"""
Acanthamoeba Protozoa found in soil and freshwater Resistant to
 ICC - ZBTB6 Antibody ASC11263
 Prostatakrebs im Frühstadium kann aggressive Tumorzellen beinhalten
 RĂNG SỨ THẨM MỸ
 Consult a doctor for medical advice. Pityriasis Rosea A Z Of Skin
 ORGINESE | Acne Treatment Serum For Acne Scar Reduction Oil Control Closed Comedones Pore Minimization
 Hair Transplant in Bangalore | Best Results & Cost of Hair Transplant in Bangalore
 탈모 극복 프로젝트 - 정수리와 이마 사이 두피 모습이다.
"""
■ **ACTIVITY**:
Output the lines of the records above exactly as they appear, from the line containing "ICC - ZBTB6 Antibody ASC11263" through the line containing "ORGINESE | Acne".

■ **SOLUTION BELOW**:
 ICC - ZBTB6 Antibody ASC11263
 Prostatakrebs im Frühstadium kann aggressive Tumorzellen beinhalten
 RĂNG SỨ THẨM MỸ
 Consult a doctor for medical advice. Pityriasis Rosea A Z Of Skin
 ORGINESE | Acne Treatment Serum For Acne Scar Reduction Oil Control Closed Comedones Pore Minimization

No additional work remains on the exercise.